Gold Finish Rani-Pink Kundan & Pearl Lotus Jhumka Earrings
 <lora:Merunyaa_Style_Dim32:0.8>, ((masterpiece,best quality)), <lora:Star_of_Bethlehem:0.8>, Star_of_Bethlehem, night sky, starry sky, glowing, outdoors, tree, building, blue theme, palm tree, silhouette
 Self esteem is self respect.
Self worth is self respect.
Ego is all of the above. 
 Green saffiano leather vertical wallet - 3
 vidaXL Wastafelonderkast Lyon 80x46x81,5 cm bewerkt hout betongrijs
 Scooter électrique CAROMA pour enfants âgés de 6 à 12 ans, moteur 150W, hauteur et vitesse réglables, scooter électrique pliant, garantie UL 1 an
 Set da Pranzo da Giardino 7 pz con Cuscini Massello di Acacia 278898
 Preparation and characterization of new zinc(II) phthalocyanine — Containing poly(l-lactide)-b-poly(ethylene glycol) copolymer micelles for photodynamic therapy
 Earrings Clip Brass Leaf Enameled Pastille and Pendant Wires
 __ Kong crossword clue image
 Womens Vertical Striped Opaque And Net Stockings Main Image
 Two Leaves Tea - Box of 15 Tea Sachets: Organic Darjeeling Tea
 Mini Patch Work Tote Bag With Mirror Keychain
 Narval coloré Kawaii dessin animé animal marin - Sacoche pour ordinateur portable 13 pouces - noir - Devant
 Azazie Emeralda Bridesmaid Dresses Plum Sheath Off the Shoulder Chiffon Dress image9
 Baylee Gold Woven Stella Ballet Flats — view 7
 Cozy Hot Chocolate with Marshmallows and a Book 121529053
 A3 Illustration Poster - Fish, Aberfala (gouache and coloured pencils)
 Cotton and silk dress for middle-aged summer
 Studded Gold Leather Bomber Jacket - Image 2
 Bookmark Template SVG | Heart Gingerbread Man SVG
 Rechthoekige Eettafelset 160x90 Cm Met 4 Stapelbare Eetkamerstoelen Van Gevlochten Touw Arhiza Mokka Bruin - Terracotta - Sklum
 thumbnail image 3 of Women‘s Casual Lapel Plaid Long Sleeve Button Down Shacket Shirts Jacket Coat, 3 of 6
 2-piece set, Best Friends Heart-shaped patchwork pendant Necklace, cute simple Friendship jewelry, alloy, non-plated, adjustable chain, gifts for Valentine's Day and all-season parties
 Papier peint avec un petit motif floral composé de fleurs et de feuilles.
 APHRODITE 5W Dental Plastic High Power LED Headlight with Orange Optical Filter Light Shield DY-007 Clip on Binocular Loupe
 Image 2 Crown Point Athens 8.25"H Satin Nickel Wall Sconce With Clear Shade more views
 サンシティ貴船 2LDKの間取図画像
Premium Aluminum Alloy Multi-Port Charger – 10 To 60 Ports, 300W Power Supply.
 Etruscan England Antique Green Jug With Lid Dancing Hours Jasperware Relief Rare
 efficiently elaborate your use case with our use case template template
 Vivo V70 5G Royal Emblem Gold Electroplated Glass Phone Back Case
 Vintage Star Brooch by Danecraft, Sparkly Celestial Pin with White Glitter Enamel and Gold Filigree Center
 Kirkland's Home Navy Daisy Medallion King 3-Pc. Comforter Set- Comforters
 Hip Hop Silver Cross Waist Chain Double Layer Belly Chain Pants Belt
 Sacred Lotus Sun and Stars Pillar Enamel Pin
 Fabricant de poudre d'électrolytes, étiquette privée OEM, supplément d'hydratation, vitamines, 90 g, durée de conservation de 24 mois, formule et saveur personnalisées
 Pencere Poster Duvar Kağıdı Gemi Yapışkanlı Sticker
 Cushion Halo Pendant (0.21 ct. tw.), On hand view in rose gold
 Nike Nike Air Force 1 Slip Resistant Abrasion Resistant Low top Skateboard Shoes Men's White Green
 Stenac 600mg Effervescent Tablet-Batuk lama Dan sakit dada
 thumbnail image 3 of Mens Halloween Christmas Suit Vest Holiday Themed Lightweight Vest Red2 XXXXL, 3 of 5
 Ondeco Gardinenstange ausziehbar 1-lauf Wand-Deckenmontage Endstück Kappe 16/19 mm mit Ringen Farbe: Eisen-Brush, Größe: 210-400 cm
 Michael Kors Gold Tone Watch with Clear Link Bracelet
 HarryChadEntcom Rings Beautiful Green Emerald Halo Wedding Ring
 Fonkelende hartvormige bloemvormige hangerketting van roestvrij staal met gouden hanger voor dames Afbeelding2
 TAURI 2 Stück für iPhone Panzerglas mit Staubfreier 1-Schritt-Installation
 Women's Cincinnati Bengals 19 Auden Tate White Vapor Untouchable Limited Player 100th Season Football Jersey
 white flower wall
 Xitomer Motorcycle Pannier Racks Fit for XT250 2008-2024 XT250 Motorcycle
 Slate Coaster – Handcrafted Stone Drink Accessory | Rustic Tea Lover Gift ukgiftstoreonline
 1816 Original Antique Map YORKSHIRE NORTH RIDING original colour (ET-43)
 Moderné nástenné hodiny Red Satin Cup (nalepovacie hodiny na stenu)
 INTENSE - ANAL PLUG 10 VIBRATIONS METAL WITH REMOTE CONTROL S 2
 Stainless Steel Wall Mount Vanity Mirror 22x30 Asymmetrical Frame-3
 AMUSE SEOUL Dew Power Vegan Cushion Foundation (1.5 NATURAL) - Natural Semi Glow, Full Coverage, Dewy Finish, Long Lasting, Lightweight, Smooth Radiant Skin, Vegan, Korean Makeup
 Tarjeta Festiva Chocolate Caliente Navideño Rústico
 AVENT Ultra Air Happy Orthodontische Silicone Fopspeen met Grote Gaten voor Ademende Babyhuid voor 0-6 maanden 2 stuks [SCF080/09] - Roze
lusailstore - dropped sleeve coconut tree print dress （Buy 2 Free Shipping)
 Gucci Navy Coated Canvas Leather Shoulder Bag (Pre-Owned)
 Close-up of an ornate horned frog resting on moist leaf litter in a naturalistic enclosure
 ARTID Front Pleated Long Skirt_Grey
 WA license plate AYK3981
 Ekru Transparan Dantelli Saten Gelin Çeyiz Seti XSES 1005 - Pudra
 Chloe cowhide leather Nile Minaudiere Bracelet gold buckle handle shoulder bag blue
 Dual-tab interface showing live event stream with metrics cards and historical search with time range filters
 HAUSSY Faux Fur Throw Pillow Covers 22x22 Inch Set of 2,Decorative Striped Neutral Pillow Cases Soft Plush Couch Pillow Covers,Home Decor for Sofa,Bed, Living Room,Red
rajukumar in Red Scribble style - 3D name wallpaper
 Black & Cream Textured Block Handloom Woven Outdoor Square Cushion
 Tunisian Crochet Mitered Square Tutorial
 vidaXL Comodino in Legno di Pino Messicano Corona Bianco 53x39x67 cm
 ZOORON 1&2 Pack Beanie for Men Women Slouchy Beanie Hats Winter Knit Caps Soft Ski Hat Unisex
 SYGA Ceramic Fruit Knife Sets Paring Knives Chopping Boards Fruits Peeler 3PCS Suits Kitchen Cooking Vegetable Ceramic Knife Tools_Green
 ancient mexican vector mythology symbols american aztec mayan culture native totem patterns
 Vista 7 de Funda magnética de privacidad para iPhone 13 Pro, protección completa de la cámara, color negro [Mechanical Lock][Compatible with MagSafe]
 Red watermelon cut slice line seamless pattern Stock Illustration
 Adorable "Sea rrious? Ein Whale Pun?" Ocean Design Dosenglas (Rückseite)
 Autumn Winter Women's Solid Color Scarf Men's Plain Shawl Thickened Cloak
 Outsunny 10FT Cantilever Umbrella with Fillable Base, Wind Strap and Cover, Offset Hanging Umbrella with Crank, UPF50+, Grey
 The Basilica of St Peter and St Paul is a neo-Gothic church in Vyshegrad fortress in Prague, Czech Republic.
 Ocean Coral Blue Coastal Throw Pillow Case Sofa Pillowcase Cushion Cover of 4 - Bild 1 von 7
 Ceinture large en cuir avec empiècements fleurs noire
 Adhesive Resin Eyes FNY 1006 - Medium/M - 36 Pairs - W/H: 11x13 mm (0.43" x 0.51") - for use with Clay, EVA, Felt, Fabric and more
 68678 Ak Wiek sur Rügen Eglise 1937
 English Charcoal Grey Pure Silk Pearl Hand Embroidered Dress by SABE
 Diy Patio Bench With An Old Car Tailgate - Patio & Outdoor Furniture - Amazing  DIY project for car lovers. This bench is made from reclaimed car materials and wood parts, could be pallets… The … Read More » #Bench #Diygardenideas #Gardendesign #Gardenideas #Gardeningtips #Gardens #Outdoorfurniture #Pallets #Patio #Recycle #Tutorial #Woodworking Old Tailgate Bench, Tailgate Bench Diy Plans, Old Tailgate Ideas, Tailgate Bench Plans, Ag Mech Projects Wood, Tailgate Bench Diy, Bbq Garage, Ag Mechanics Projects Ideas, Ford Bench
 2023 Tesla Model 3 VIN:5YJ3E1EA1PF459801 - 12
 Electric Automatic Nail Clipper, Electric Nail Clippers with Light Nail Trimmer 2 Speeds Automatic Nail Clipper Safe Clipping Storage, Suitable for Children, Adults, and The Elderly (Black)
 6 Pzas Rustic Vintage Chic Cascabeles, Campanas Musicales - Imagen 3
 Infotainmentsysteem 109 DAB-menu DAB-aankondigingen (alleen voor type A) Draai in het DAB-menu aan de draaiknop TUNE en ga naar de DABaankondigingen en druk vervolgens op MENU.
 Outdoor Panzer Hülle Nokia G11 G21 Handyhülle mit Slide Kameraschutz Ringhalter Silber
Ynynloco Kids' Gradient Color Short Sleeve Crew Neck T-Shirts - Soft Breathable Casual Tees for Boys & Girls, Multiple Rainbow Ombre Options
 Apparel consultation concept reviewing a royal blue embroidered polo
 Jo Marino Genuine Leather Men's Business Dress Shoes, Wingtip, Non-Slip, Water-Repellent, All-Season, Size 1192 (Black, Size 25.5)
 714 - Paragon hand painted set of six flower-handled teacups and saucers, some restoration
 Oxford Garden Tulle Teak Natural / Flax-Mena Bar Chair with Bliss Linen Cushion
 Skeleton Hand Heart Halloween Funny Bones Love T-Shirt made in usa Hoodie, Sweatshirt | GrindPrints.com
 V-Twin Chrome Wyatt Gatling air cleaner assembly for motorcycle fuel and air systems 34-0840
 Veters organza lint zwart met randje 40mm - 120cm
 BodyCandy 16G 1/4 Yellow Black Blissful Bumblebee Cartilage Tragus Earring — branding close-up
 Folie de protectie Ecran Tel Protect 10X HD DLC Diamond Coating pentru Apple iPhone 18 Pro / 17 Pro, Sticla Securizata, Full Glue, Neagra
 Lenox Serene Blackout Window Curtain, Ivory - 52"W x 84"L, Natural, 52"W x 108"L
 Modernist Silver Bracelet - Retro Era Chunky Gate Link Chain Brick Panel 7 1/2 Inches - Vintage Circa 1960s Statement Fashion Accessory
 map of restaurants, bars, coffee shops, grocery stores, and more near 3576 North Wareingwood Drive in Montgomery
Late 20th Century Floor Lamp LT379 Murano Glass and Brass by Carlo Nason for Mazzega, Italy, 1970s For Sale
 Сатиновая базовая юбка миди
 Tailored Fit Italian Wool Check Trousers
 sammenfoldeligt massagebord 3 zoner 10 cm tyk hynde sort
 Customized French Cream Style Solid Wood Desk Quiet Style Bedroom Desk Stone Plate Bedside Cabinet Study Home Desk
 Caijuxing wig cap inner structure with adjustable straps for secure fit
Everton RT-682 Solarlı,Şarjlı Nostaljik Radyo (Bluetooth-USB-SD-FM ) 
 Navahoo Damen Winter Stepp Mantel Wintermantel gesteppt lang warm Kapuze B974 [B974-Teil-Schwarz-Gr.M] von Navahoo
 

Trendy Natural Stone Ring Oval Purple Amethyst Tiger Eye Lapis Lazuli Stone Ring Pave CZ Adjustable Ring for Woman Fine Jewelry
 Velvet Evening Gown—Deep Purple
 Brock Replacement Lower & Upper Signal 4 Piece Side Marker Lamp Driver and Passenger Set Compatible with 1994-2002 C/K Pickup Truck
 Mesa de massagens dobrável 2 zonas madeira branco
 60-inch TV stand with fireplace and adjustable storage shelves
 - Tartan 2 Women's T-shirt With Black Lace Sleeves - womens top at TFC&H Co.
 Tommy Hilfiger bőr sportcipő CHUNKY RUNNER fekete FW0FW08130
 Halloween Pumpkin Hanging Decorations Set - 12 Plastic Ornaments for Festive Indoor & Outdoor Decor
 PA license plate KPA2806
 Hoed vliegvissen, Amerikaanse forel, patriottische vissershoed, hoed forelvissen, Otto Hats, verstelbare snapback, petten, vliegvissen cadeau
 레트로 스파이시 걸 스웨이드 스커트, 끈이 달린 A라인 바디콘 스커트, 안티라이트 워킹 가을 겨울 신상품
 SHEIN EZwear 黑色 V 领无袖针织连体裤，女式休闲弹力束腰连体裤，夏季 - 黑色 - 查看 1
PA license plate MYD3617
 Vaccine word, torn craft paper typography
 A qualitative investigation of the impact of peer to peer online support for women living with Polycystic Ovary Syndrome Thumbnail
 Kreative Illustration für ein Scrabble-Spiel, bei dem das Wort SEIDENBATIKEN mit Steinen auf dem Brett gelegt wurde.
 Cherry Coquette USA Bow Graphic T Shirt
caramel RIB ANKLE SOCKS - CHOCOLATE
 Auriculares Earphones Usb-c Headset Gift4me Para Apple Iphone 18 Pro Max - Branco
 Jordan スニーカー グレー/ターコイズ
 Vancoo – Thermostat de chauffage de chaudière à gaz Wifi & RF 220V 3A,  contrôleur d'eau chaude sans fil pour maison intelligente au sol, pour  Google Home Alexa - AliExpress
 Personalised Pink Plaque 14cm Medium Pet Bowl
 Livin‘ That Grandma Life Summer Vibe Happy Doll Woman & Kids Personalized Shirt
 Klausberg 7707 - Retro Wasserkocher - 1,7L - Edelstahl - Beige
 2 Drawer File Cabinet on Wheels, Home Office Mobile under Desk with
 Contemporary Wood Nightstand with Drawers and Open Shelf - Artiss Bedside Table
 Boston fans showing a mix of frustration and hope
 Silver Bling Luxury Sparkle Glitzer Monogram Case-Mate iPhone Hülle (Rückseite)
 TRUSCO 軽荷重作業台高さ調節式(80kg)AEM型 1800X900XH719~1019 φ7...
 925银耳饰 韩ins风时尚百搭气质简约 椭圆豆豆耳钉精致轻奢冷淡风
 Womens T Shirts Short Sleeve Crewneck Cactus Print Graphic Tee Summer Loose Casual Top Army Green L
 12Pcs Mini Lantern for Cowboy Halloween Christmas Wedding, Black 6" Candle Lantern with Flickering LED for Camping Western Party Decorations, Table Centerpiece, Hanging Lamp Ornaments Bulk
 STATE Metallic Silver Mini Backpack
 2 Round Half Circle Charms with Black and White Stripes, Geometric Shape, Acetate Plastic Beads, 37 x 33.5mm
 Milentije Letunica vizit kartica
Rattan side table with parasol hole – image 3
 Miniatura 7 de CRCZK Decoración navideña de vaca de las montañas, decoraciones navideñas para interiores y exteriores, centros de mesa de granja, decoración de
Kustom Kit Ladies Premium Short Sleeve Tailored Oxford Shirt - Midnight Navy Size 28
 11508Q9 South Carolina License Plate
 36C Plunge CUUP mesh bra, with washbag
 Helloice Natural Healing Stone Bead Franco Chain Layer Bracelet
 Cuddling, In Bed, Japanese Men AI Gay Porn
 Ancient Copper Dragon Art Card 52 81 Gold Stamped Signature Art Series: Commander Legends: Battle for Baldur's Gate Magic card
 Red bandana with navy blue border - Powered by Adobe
━━━━━━━━━━━━━━━━━━━━
■ **The task**:
Scan the entries and show every line in which the word "Hülle" is found.

■ **Problem solution**:
 Outdoor Panzer Hülle Nokia G11 G21 Handyhülle mit Slide Kameraschutz Ringhalter Silber
 Silver Bling Luxury Sparkle Glitzer Monogram Case-Mate iPhone Hülle (Rückseite)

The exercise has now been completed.